■ Dataset entries:
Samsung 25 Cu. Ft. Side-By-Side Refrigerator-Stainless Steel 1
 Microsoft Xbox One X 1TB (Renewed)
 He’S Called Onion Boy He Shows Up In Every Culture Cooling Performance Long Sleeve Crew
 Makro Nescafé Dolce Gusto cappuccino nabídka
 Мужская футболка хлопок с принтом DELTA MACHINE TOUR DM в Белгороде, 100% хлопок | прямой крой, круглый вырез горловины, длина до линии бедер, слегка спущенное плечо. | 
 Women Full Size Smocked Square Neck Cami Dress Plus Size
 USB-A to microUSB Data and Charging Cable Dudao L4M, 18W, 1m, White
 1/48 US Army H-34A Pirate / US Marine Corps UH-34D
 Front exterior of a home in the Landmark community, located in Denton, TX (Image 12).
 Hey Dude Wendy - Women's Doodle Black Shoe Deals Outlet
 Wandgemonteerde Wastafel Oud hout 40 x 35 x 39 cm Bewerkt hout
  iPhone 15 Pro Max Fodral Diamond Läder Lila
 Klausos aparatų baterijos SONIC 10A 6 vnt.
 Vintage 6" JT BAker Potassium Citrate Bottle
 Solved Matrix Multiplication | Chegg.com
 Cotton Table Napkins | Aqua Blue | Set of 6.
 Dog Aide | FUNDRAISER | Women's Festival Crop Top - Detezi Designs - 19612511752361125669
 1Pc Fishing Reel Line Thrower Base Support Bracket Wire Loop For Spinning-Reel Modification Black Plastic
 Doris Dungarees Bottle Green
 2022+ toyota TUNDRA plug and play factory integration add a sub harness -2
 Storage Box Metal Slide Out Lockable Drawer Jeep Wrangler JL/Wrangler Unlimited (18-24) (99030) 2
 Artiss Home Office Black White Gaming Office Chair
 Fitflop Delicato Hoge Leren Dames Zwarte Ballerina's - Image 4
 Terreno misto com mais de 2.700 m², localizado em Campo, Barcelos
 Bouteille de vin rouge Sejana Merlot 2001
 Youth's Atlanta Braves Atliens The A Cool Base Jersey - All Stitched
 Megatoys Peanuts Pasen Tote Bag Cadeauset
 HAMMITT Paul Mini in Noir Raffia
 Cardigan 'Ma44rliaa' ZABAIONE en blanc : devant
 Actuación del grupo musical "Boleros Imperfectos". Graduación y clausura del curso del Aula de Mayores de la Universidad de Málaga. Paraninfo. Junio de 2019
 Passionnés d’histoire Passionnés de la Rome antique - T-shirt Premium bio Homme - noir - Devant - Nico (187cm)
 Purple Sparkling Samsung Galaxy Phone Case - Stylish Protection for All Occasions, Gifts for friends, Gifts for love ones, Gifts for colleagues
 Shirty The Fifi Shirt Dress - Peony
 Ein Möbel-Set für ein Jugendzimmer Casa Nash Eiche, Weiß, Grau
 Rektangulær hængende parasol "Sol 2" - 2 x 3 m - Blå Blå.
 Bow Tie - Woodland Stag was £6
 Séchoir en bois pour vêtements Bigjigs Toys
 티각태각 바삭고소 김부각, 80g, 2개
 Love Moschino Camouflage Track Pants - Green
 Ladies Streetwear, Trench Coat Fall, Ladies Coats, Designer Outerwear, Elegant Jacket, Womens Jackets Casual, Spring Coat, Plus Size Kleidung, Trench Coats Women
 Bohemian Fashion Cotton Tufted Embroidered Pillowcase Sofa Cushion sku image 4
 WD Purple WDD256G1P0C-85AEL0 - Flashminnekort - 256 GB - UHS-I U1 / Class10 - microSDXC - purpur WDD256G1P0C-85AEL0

■ Problem to work on: Could you set down, exactly as written, the lines above between the one holding "2022+ toyota TUNDRA" and the one holding "Fitflop Delicato Hoge", inclusive, and nothing more?

■ Response below:
 2022+ toyota TUNDRA plug and play factory integration add a sub harness -2
 Storage Box Metal Slide Out Lockable Drawer Jeep Wrangler JL/Wrangler Unlimited (18-24) (99030) 2
 Artiss Home Office Black White Gaming Office Chair
 Fitflop Delicato Hoge Leren Dames Zwarte Ballerina's - Image 4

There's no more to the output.